Wandelen

Eeuwenlang was 'Textiel' belangrijk in het dagelijks leven van Oldenzaal. De zusters van het vroegere Agnesklooster waren in 1438 al bezig met het weven van linnen. Later begon de huisnijverheid en vanaf 1850 zorgde de stoommachine voor grotere textielfabrieken. De grote fabrieken zijn inmiddels weliswaar verdwenen, maar er blijven genoeg sporen over. Ontdek het textielverleden van Oldenzaal tijdens deze mooie wandeling!

Duur: 1 tot 1,5 uur
Beginpunt: Tourist Info Oldenzaal, Grootestraat 35

Wil je meer weten over de plekken waar je langsloopt? Of een handige kaart om erbij te houden? Bij de Tourist Info en in onze webshop is een mooi boekje te koop met kaart, afbeeldingen uit het verleden en veel extra informatie.

Wil je deze route lopen onder begeleiding van een gids? Bij Tourist Info Oldenzaal kun je een rondleiding aanvragen.

Kaart RouTextiel wandeling

Klik hier voor een grote versie van de plattegrond.

Plekken langs de route van de RouTextiel-wandeling

7. Het voormalige Postkantoor
Op 1 november 1874 werd hier het eerste 'Rijks Post- en Telegraafkantoor' van Oldenzaal geopend. Hiermee werd de stad aangesloten op het netwerk van telegraaflijnen. In 1898 werd het pand verbouwd tot woonhuis voor textielfabrikant Hermannus Philippus Dzn. Gelderman.

8. De Stadspomp
Een natuurgetrouwe kopie van de originele pomp, die in 1862 aan Oldenzaal werd geschonken door J.A.T. Kistemaker, Oldenzaals eerste bisschop. De pomp werd voor alles gebruikt: drinken, wassen en koken. Toen Oldenzaal met de komst van de watertoren in 1906 een eigen waterleidingnetwerk kreeg, werd de originele pomp afgebroken.
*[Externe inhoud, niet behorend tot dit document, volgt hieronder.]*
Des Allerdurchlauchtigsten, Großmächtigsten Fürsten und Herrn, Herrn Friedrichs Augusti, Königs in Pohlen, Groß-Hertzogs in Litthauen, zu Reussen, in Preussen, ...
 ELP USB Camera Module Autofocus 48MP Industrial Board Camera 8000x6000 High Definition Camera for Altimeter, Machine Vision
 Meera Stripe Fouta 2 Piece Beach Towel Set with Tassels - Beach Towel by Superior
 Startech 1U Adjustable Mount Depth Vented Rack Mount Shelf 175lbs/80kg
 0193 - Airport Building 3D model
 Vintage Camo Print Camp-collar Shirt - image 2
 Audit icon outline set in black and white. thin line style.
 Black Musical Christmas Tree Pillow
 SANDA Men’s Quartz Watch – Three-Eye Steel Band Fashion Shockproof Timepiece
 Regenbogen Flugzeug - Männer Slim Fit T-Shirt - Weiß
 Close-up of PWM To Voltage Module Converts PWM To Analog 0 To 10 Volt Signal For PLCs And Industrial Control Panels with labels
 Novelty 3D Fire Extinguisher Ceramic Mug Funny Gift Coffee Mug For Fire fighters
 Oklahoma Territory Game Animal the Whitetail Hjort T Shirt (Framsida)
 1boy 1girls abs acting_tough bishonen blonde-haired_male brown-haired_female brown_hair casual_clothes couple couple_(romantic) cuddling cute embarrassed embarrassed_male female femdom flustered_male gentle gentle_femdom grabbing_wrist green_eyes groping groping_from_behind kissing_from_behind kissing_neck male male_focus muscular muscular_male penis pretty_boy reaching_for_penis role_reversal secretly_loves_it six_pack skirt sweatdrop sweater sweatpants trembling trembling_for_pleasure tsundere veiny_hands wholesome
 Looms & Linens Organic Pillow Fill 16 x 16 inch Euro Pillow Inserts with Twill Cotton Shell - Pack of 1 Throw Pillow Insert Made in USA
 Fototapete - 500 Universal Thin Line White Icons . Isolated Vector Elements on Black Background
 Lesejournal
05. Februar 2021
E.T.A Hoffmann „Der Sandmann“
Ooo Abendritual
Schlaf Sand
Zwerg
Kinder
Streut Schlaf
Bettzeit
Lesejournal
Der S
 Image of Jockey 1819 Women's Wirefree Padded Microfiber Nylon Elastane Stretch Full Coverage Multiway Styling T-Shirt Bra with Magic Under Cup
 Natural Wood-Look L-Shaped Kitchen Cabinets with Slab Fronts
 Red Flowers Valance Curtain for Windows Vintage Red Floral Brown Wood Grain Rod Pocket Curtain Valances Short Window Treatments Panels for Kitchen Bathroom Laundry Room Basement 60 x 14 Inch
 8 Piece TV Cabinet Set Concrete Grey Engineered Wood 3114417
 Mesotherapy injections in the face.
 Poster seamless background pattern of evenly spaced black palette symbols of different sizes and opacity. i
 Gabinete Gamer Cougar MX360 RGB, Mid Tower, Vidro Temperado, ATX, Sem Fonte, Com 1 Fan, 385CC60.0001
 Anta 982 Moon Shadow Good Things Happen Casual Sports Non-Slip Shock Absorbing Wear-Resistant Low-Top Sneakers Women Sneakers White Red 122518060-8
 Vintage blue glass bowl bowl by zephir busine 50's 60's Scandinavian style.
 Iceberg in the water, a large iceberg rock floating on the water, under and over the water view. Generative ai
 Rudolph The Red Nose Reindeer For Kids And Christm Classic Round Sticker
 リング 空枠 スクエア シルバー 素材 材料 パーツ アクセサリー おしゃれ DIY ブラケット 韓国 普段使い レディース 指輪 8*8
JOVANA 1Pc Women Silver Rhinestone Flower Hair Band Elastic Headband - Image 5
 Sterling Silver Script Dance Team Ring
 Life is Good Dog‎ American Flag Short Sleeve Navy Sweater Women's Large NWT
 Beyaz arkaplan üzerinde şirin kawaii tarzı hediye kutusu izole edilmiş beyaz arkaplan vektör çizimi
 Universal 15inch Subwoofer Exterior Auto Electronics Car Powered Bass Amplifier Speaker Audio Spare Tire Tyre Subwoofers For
9. Het vroegere Heilige Geest Gasthuis
In het gasthuis uit ca. 1351 dat op deze plek stond, en waarvan binnenin het fundament van de kapel kan worden bekeken, werden zieken verzorgd. In 1832 zette Philippus Johannes Gelderman hier een Stads-Armenfabriek op, waar werklozen en armen hede maakten, een afvalproduct van vlas.

10. De Oldenzaalse Weverij Maatschappij
De Oldenzaalse Weverij Maatschappij werd in 1860 opgericht. Negen personen kochten voor f 90.000 een stuk grond nabij de Steenpoort en stadsgracht De Bonkenberg. Het water uit de gracht werd gebruikt voor de stoomaandrijving. Na geldproblemen verkochten de aandeelhouders hun fabriek in 1872 aan Johannes Hermanus Molkenboer jr. voor f 40.000.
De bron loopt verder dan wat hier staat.